It is remarkable that in this present age a person can live in the world without having or even touching money, without building a home or even owning any possessions. Sri Ramakrishna demonstrated to modern man the ideal of renunciation through his life. Once he said: “A man cannot realize God unless he renounces everything mentally. A sadhu cannot lay things up. ‘Birds and wandering monks do not make provision for the morrow.’” Indeed, those who depend wholly on God are provided with everything they need. This also was verified in Sri Ramakrishna’s life. The Master said: “The Divine Mother showed me in a vision the five suppliers of my needs: first, Mathur Babu, and second, Shambhu Mallick, whom I had not then met. I had a vision of a fair-skinned man with a cap on his head. Many days later, when I first met Shambhu, I recalled that vision; I realized that it was he whom I had seen in that ecstatic state.”
Shambhu served Sri Ramakrishna and the Holy Mother for four years, but he eventually became bedridden with diabetes. The Master went with Hriday to see him while he was ill and found that he was quite cheerful and had no fear of death.
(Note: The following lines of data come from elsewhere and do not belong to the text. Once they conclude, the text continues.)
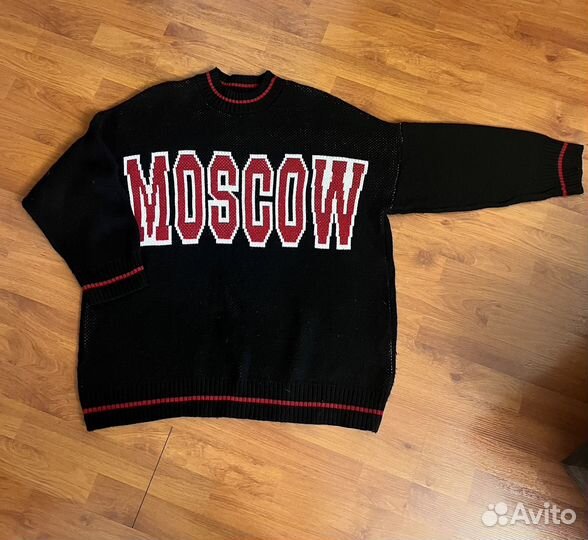 Свитер и женские вещи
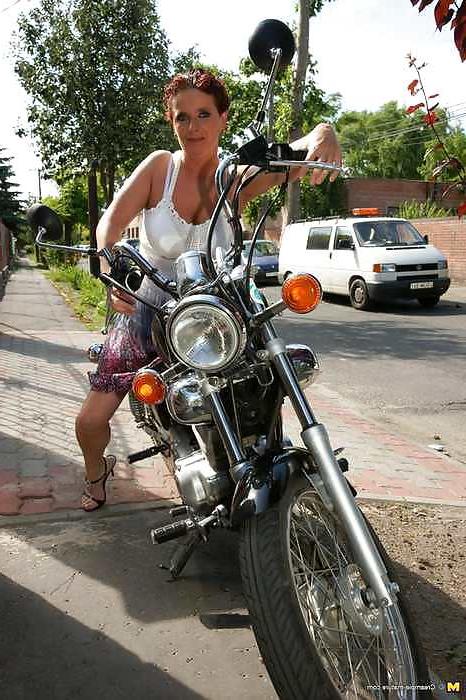 25P Biker chicks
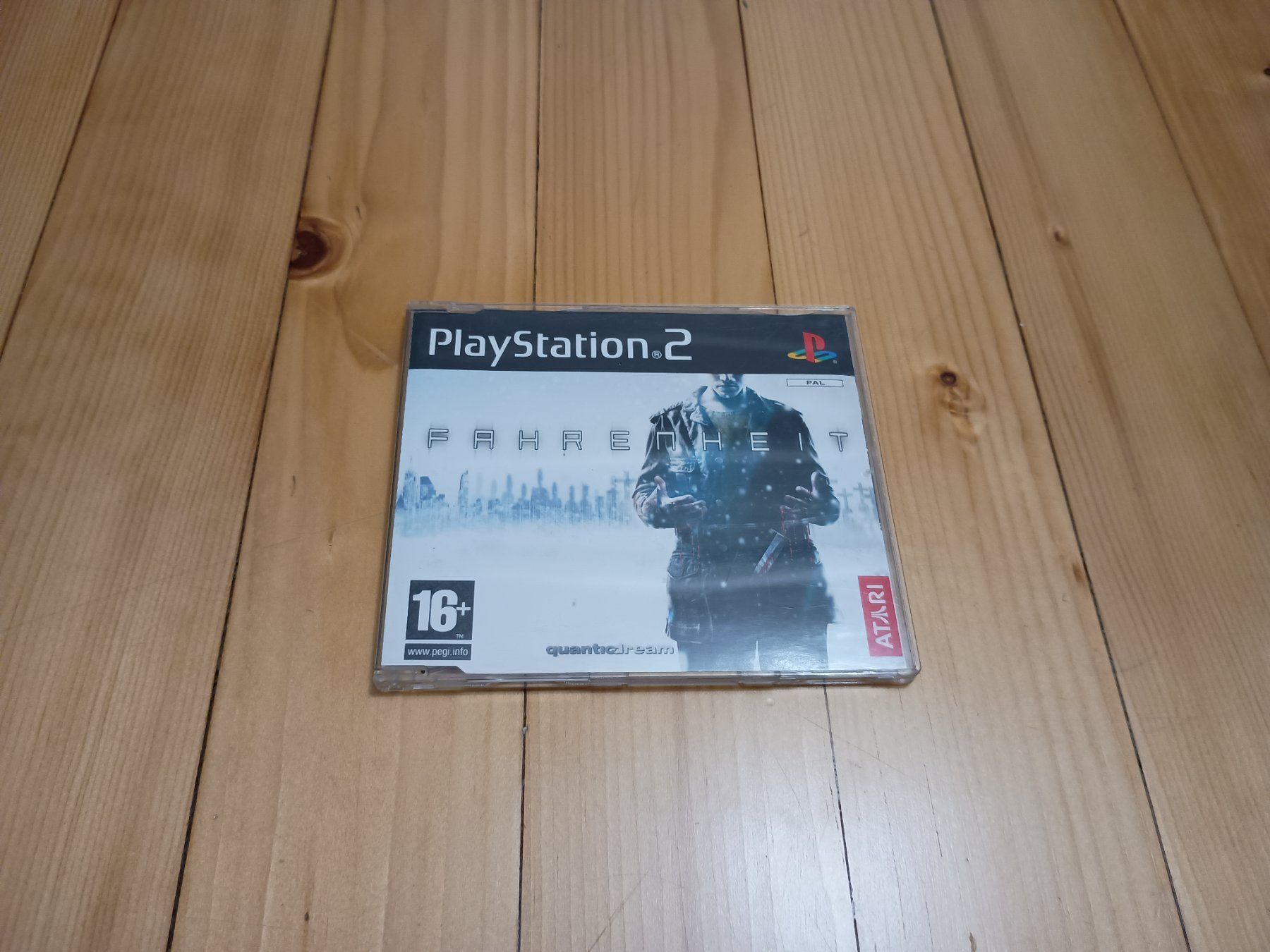 Giochi: Fahrenheit demo, promo PS2 – Usato da Delémont venduto da Burberry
Shambhu said to Hriday, “Hridu, I have packed my things and am ready for the journey.” When the Master told him not to say such ominous words, Shambhu replied, “No, please bless me that I may cast aside all these possessions and go to God.”15 While returning to Dakshineswar, the Master told Hriday, “The oil in Shambhu’s lamp has run out.”16 Shambhu died in 1877.
One day several years later, while talking about Shambhu, Sri Ramakrishna said to the devotees: “God’s devotees have nothing to fear. They are His own. He always stands by them.”